Los aranceles más elevados, que debían empezar a aplicarse esta semana, habrían afectado con especial dureza a las importaciones de grandes proveedores como Vietnam y China, y se producen en un contexto de preocupación por la subida de los precios al consumo.

Por separado, se espera que el Tribunal Supremo de Estados Unidos se pronuncie sobre la legalidad de algunas amplias medidas arancelarias impuestas en virtud de las autoridades de seguridad nacional, una decisión que podría tener implicaciones más amplias para la estrategia comercial de Trump.

En contraste con el retraso de los muebles, la administración Trump ha reducido significativamente los aranceles antidumping previstos sobre la pasta italiana, ofreciendo alivio a varias marcas importantes después de meses de disputa.

El Departamento de Comercio de EE.UU. había propuesto inicialmente derechos antidumping provisionales muy elevados, más del 91%, sobre determinadas importaciones de pasta italiana, además de un arancel general existente del 15% sobre los productos alimenticios de la UE.

Tras una revisión y consultas con las autoridades italianas, Estados Unidos rebajó drásticamente los aranceles previstos a la pasta italiana.
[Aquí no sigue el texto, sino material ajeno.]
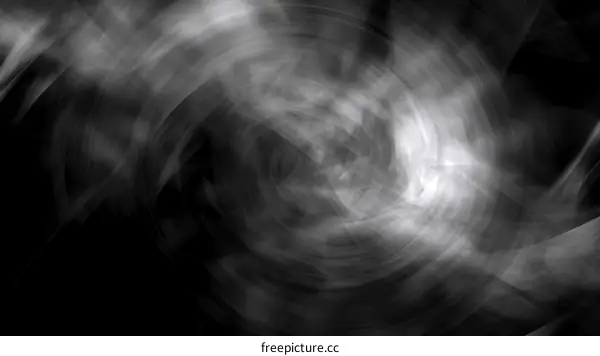 Abstract Gray and White Swirling Design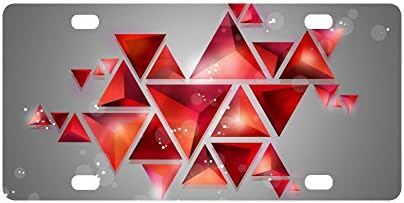Kitchor Custom Geometric Shapes Shine Metal Printed Retro Auto License Plate For Home Pub Bar Wall Decor 12 inch X 6 inch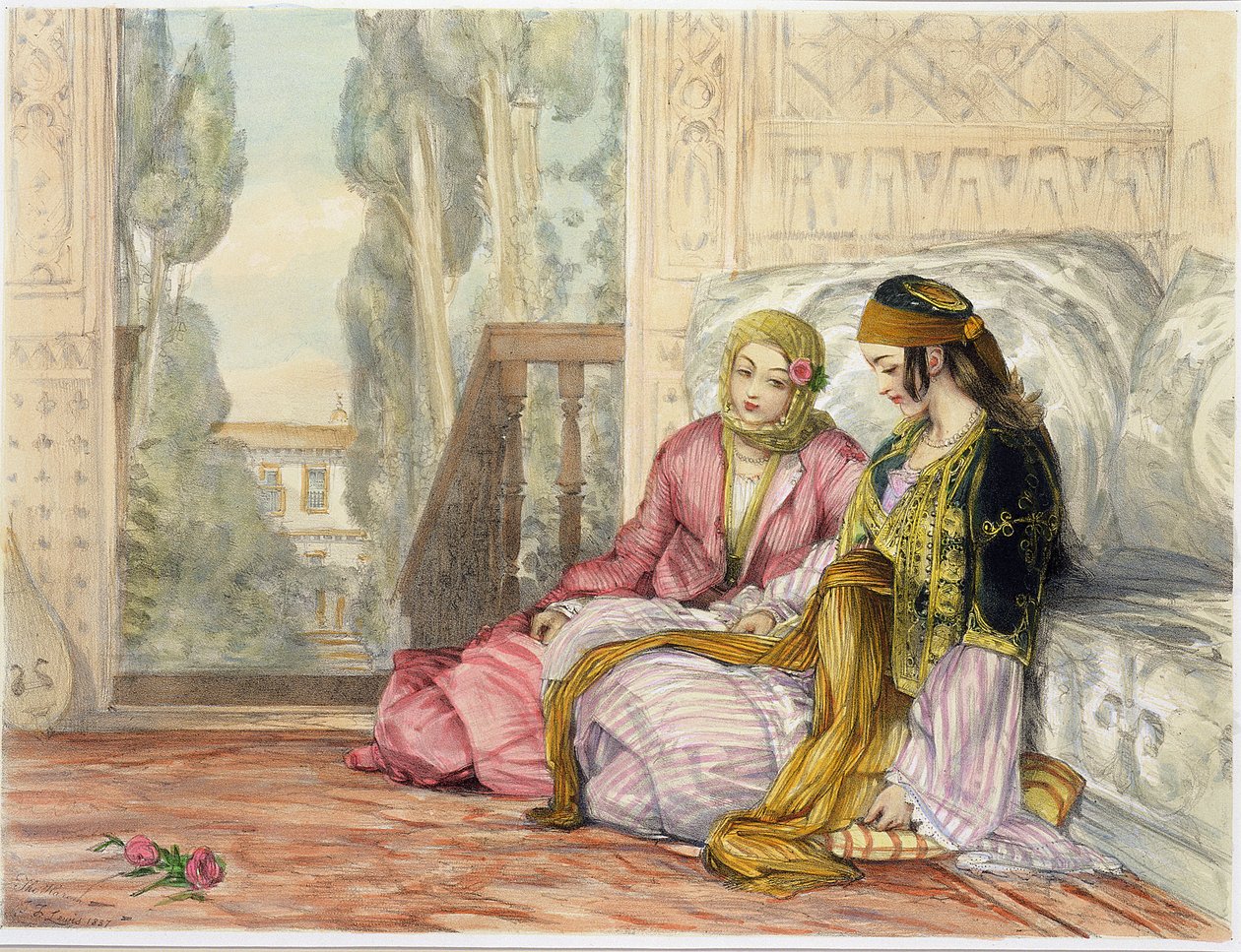 Das Harem, Platte 1 aus 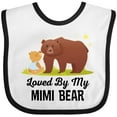 thumbnail image 3 of Inktastic Mimi Bear Loves Me Grandbaby Boys or Girls Baby Bib, 3 of 4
La Molisana se enfrentará a un arancel del 2,26%, Garofalo al 13,98% y otros once productores italianos al 9,09%.

«La redefinición de estos tipos arancelarios es un testimonio del reconocimiento por parte de las autoridades estadounidenses de la voluntad efectiva de cooperación de nuestras empresas«, declaró el Ministerio de Asuntos Exteriores italiano en un comunicado.

Italia llevaba trabajando desde octubre de 2025 con el Gobierno estadounidense y la Comisión Europea para encontrar una solución al conflicto.

El mercado estadounidense sigue siendo crucial para los productores italianos de pasta. Las exportaciones de pasta a Estados Unidos se estimaron en unos 671 millones de euros en 2024, lo que representa aproximadamente el 17% de las exportaciones totales de pasta de Italia.